・セルジュ・チェリビダッケ(指揮) ミュンヘン・フィルハーモニー管弦楽団
音楽が疾走することはない。楽譜の一音づつを積み上げながらしっかりと構築され、その結果の音の塊が「音楽と化」したものを音楽として聴いているようだ。つまり、チェリビダッケが醸し出す「音」(サウンド)は、常に新鮮な音楽に聞こえる。
ベートーヴェンの第4、5の交響曲は、数えきれぬほど聴いて参りましたが、チェリビダッケ&ミュンヘン・フィルハーモニーで聴いてみると、全く新しい音楽を聴いているような感覚に襲われます。その現象のひとつとして、チェリビダッケの指揮は冒頭でも書いたように、響きを徹底的に浄化させて、それを幾重にも重ねて合わせいくような、音の職人的な響きがあるからです。

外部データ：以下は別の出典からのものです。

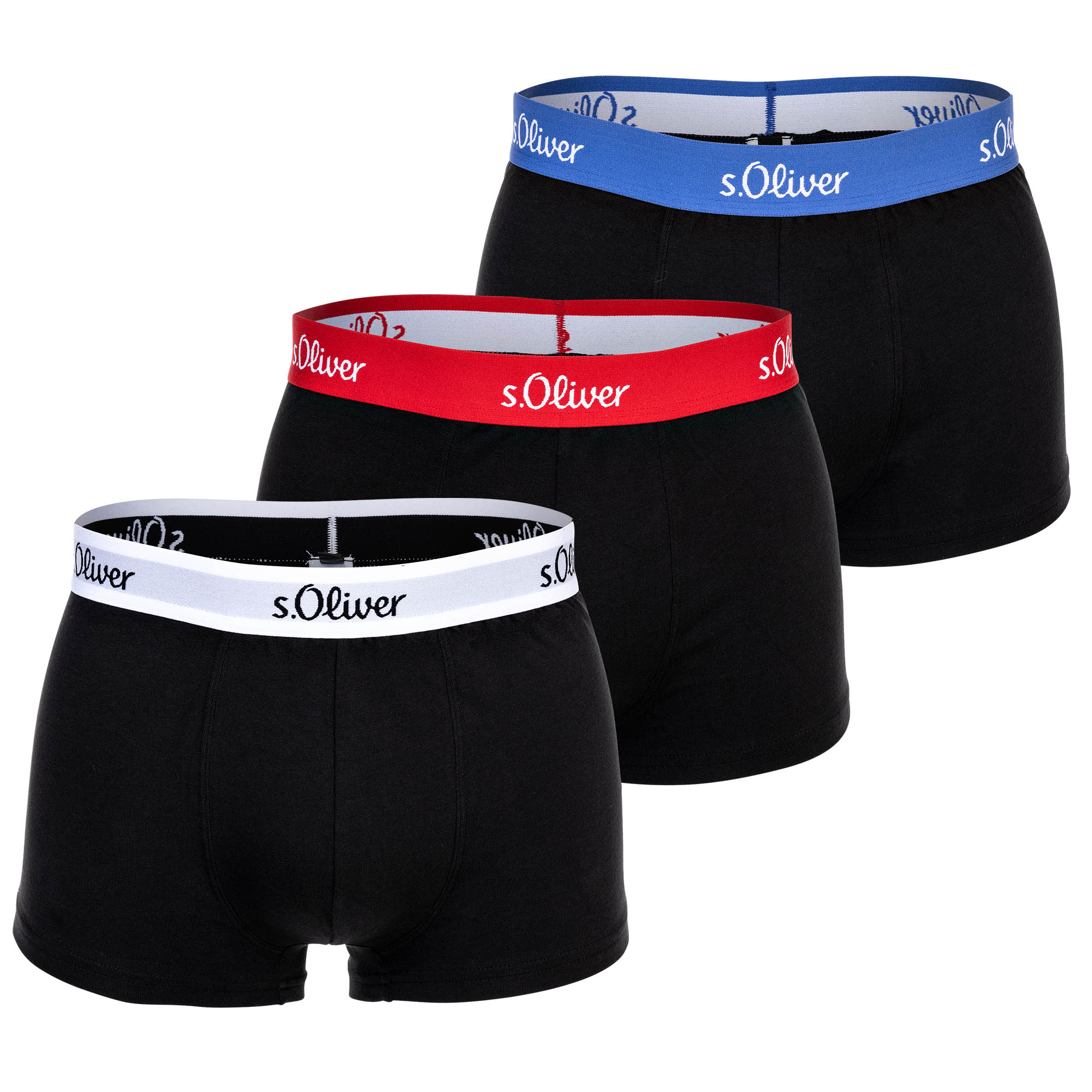 s.Oliver Herren Boxershorts, 3er Pack - Trunks, Hipsters, Baumwoll-Stretch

また、全般的にテンポはスローなので、その分長く音が耳に残ることも起因しているかも知れません。そして、それがとても気持ち良いのです。オーケストラのチューニングが優れていることと、ミュンヘン・フィルハーモニーの高い技術力の成果も大いに現れていると思います。
今回ベートーヴェンの交響曲を取り上げましたが、チェリビダッケの晩年は、ブルックナーの交響曲をミュンヘン・フィルハーモニー管弦楽団と数多く公演してくれました。ブルックナー ではより繊細で完璧なサウンドがオーケストラに求められます。弦楽器と管楽器とのバランスも重要ですが、特に管楽器奏者には絶対的な音程の維持が必須だと思われます。それらが100%いや120%達成できたのが、チェリビダッケとミュンヘン・フィルハーモニー管弦楽団でした。